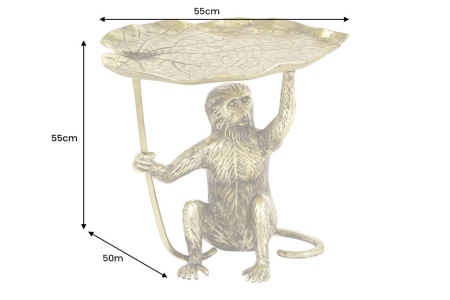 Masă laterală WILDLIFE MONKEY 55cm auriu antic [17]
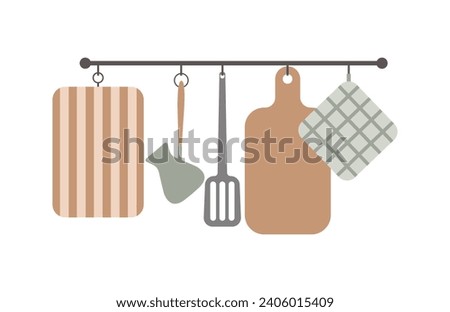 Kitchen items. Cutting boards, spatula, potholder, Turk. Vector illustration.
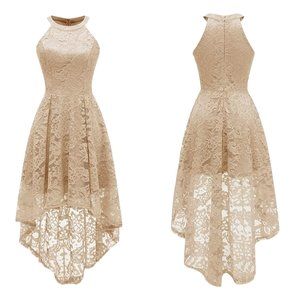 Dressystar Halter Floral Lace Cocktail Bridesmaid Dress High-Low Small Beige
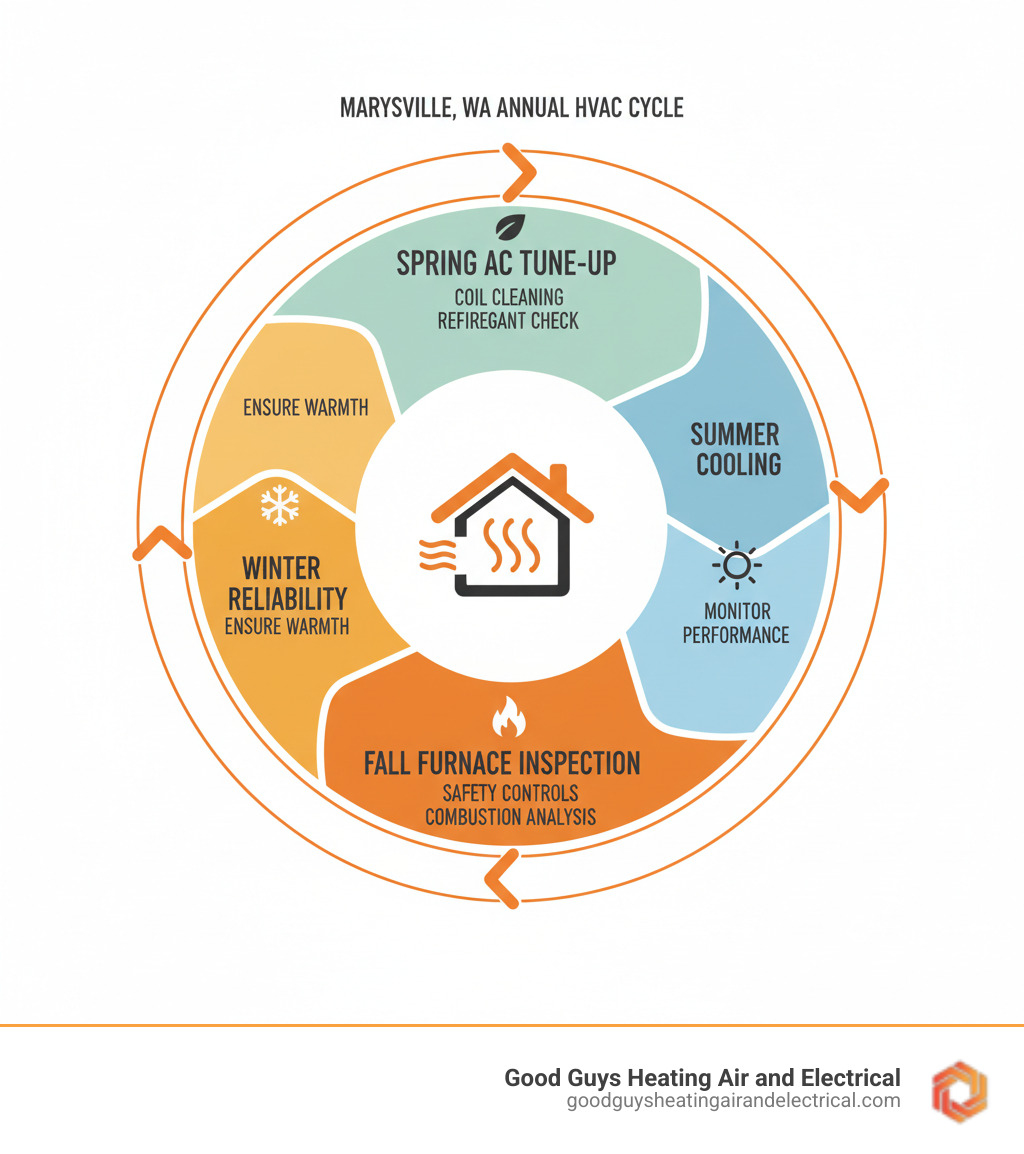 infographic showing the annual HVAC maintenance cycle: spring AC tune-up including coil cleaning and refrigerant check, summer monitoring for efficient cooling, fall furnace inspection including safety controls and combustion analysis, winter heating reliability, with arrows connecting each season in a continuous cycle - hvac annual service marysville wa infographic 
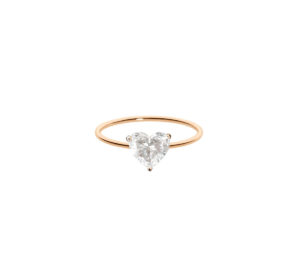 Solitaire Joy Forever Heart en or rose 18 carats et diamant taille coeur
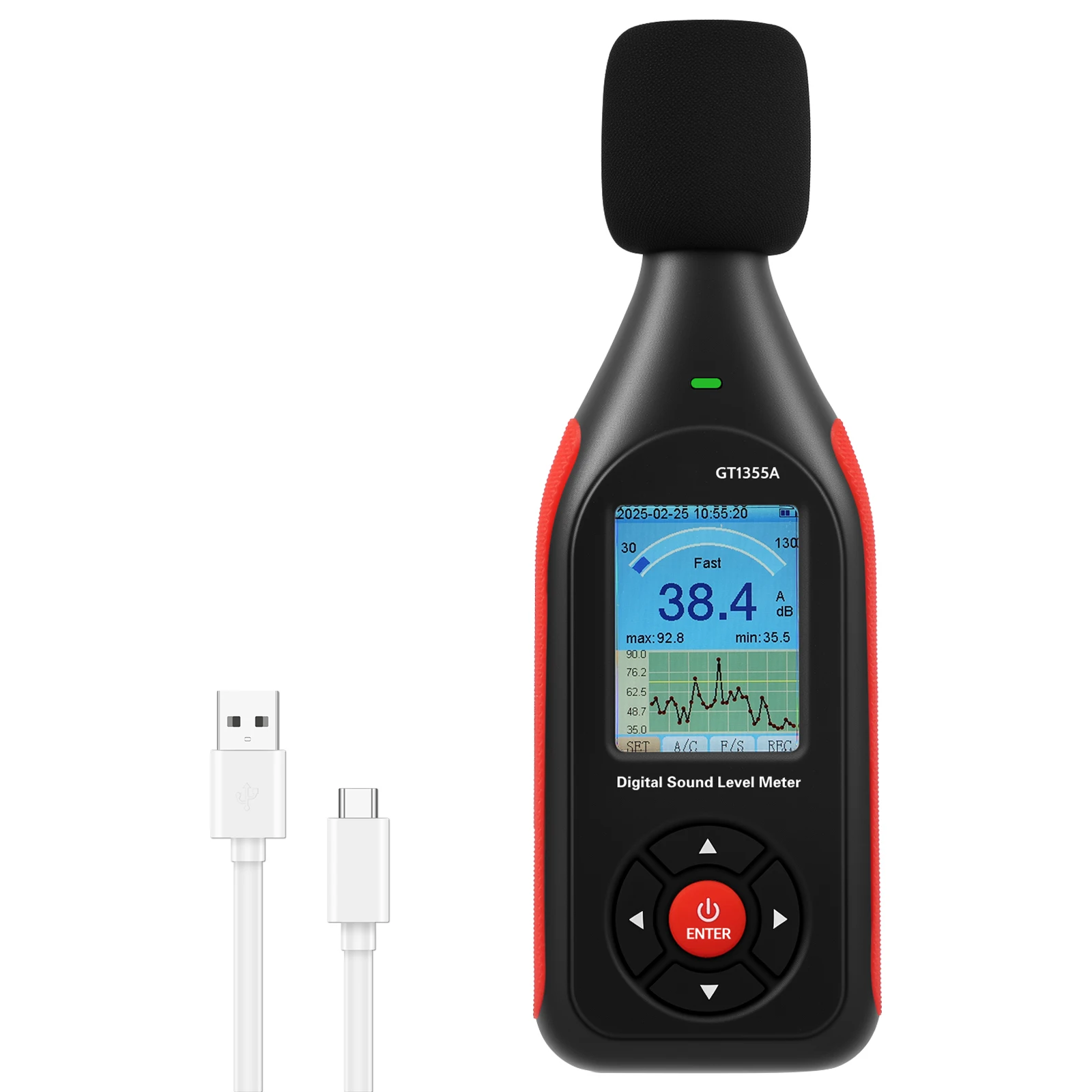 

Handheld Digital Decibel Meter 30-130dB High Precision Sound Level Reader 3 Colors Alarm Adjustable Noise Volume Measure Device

──────────

Repeat the records above exactly, from the first line through the line that contains "Dressystar Halter Floral", and leave out the pictures.

 Masă laterală WILDLIFE MONKEY 55cm auriu antic [17]
 Kitchen items. Cutting boards, spatula, potholder, Turk. Vector illustration.
 Dressystar Halter Floral Lace Cocktail Bridesmaid Dress High-Low Small Beige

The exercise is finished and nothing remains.